Impact Printing is a Ballycastle based printing firm who are developing a brand new website. Like many businesses they have a website but months and years pass and it doesn’t get updated and thus becomes out of date. Adrian over at Three Sixty Create originally passed me the referral. They would be handling the development of the new website and i would be crafting images for it. The Impact Printing website would be picture led meaning my images would be very important. The images would depict the services offered and their hands on approach.
I am a Belfast Photographer and as a result this means that the majority of jobs i do are in Belfast or the surrounding area so i relished the chance to work outside of the city for a day!
Before the actual day when the photos would be taken i met with Peter to discuss what he wanted in terms of photography. From talking with Peter i got the sense that he wanted the website and thus the images to reflect their hands on approach at Impact Printing. Whilst he has the latest in digital printing equipment they still use a lot of traditional printing equipment. These are big machines that take tremendous skill and patience to use. They literally cause blood, sweat and tears! Ok maybe not blood but you know what i mean. So Peter wanted close up images showing the machines being operated and the things that they produce. He wanted to show the human side of the business.
So after the meeting the date was set for Impact Printing and this Belfast Photographer was excited and ready to go!
We set aside four hours to get all the shots needed. We had a list of required images that included the machines being operated, abstract shots, product images and staff head shots.
When i turned up at lunch on the day we agreed i almost didn’t know where to start because every where i looked there was an image ready to be taken. So i printed off the shot list and methodically worked through the points, it really helped me focus.
The room in which all the equipment was stored and operated from was noisy and hectic. There were employees moving around machinery which was clunking and shuttering and spitting out freshly printed leaflets and books. The guys were always manually adjusting the equipment making sure that the final output was consistent and accurate. Yes they could use the digital printer but because of operating costs its cheaper to use the manual machines for big print runs. I would often find the machine operators elbow deep inside readjusting a screw or roll to make sure everything kept working.
The majority of my time at Impact Printing was spent getting shots of the equipment. Because of the hectic and busy nature of the shop floor i had to be very careful where i placed my lights as i didn’t want to get in the road of the guys doing their work. I attached a phottix radio receivers to two speed lights and as the roof was low and an off white colour i would use it as a bounce source. That way i didn’t have to worry about people bumping in to umbrella’s. Yes bouncing light off a roof is a bit more “rough and ready” but in this environment it was practically the only thing i could do.

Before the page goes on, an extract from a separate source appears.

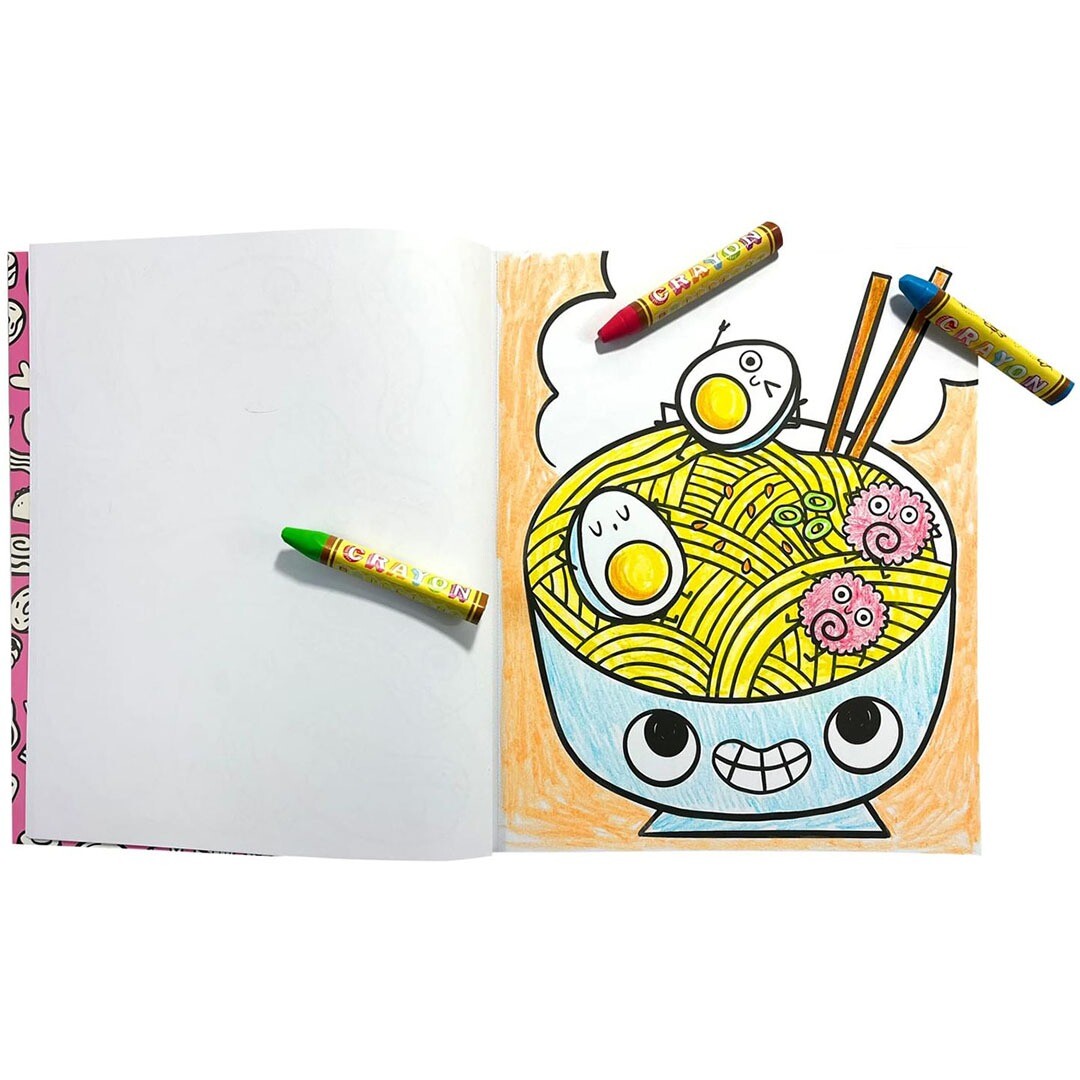 Een open kleurboek toont een oningekleurde pagina en een deels ingekleurde tekening van een kom ramen met gezichtjes, met twee kleurpotloden.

After the equipment shots were completed it was time for the staff head shots. Time was already against us at this stage so again i had to keep the set up simple. I had one medium sized soft box to the front of the subjects then i placed two speed lights either side and to the rear of the person. The two speedlights were about 10 feet behind the subject at half power. This helped light the background but also provided a bit of fill light on the side of the subjects head. All the portraits were shot at F2.8 at around 150 – 180mm so of course i had to be careful about losing focus.
All in all it was a really great day at Impact Printing. It was definitely a memorable job. I wont forget the smell of the inks and the craic from the lads on the shop floor.